ASSIGNMENT
Transcribe only the last portion of the material: exactly the lines from the one with "BMW M Power" through the end, inclusive.

INFORMATION
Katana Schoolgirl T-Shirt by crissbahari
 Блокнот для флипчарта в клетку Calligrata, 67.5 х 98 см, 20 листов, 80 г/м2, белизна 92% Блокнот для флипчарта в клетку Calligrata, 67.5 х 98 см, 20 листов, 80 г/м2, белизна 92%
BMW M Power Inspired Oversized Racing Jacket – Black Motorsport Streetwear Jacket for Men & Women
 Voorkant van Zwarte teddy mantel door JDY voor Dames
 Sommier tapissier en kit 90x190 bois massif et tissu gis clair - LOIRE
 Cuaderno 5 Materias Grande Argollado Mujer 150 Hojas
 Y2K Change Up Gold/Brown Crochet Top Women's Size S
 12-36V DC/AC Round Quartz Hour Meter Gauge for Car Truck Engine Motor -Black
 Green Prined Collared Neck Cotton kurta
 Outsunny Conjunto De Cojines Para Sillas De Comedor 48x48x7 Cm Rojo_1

TASK OUTPUT
BMW M Power Inspired Oversized Racing Jacket – Black Motorsport Streetwear Jacket for Men & Women
 Voorkant van Zwarte teddy mantel door JDY voor Dames
 Sommier tapissier en kit 90x190 bois massif et tissu gis clair - LOIRE
 Cuaderno 5 Materias Grande Argollado Mujer 150 Hojas
 Y2K Change Up Gold/Brown Crochet Top Women's Size S
 12-36V DC/AC Round Quartz Hour Meter Gauge for Car Truck Engine Motor -Black
 Green Prined Collared Neck Cotton kurta
 Outsunny Conjunto De Cojines Para Sillas De Comedor 48x48x7 Cm Rojo_1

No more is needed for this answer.